§ Requirement: Type out the listing below exactly. Pictures stay out of it.

§ Given data:
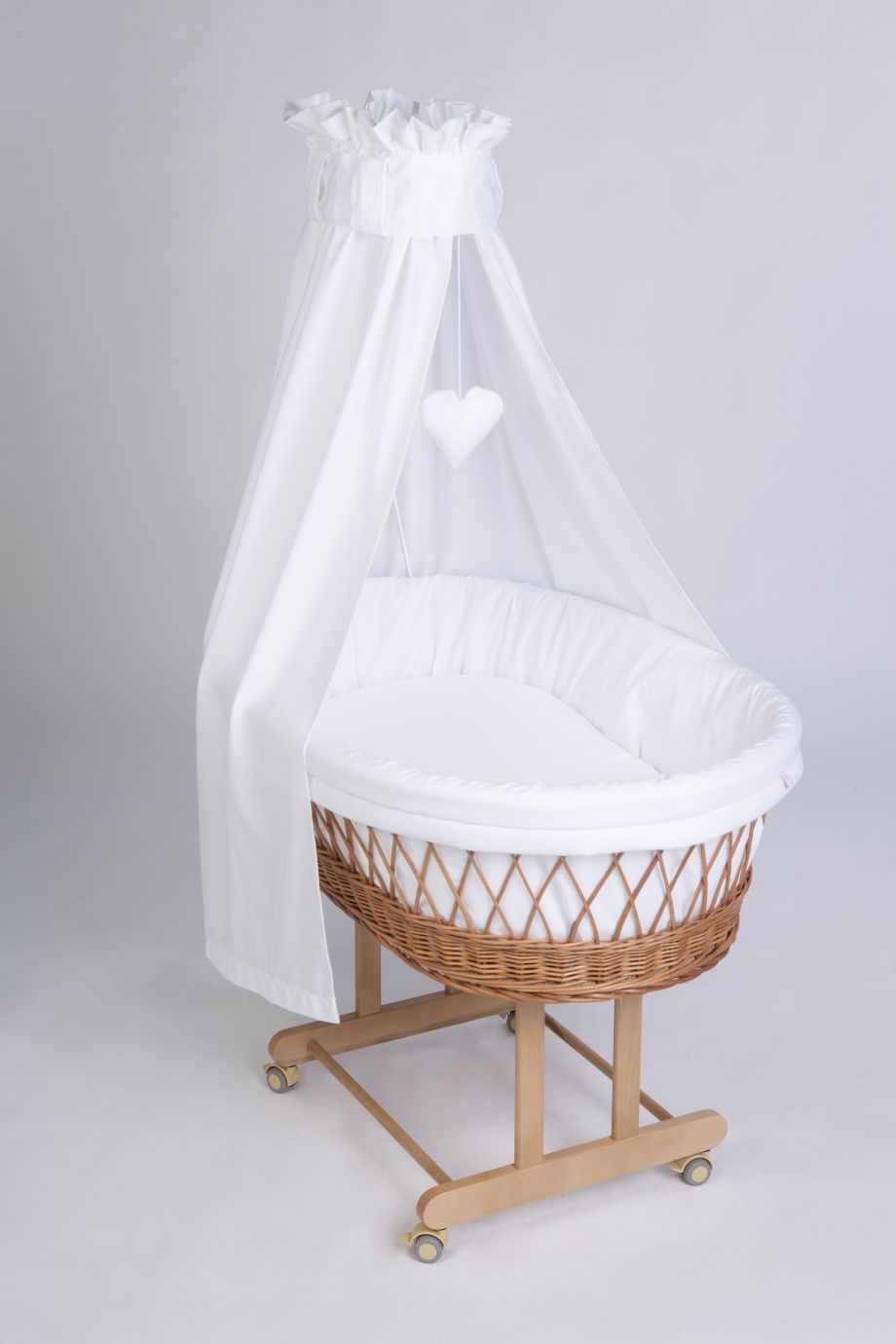 Natural wicker Stubenwagen with white mattress and sheer white canopy featuring heart detail. - Mionido - Stubenwagen Maxi (natur)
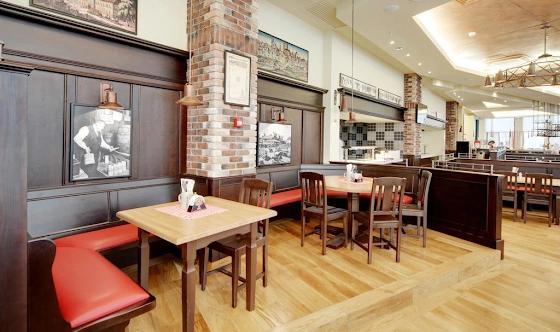 Фото №6 зала Зал ресторана BRAUPLATZ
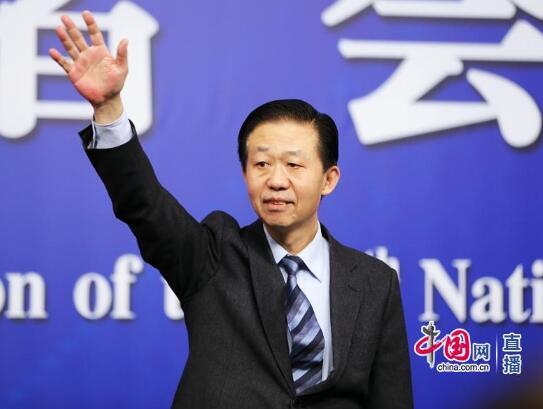 财政部部长肖捷：今年继续改革完善增值税 实施个税改革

§ Solution:
 Natural wicker Stubenwagen with white mattress and sheer white canopy featuring heart detail. - Mionido - Stubenwagen Maxi (natur)
 Фото №6 зала Зал ресторана BRAUPLATZ
 财政部部长肖捷：今年继续改革完善增值税 实施个税改革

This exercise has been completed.